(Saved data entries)
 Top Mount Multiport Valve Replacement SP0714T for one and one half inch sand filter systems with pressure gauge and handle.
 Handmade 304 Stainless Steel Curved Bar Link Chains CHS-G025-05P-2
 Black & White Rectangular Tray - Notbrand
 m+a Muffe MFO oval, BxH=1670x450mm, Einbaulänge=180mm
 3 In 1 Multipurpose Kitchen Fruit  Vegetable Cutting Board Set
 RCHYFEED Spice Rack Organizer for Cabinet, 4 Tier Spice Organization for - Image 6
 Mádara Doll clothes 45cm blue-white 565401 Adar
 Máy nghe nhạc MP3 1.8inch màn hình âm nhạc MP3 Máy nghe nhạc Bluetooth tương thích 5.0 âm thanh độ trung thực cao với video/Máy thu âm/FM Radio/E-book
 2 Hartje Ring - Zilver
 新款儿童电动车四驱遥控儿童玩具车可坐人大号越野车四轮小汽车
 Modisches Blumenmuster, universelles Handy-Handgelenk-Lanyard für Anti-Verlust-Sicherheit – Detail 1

◆ WHAT YOU SHOULD DO
Repeat, word for word, all the lines above.

◆ ANSWER TO THE PROBLEM
 Top Mount Multiport Valve Replacement SP0714T for one and one half inch sand filter systems with pressure gauge and handle.
 Handmade 304 Stainless Steel Curved Bar Link Chains CHS-G025-05P-2
 Black & White Rectangular Tray - Notbrand
 m+a Muffe MFO oval, BxH=1670x450mm, Einbaulänge=180mm
 3 In 1 Multipurpose Kitchen Fruit  Vegetable Cutting Board Set
 RCHYFEED Spice Rack Organizer for Cabinet, 4 Tier Spice Organization for - Image 6
 Mádara Doll clothes 45cm blue-white 565401 Adar
 Máy nghe nhạc MP3 1.8inch màn hình âm nhạc MP3 Máy nghe nhạc Bluetooth tương thích 5.0 âm thanh độ trung thực cao với video/Máy thu âm/FM Radio/E-book
 2 Hartje Ring - Zilver
 新款儿童电动车四驱遥控儿童玩具车可坐人大号越野车四轮小汽车
 Modisches Blumenmuster, universelles Handy-Handgelenk-Lanyard für Anti-Verlust-Sicherheit – Detail 1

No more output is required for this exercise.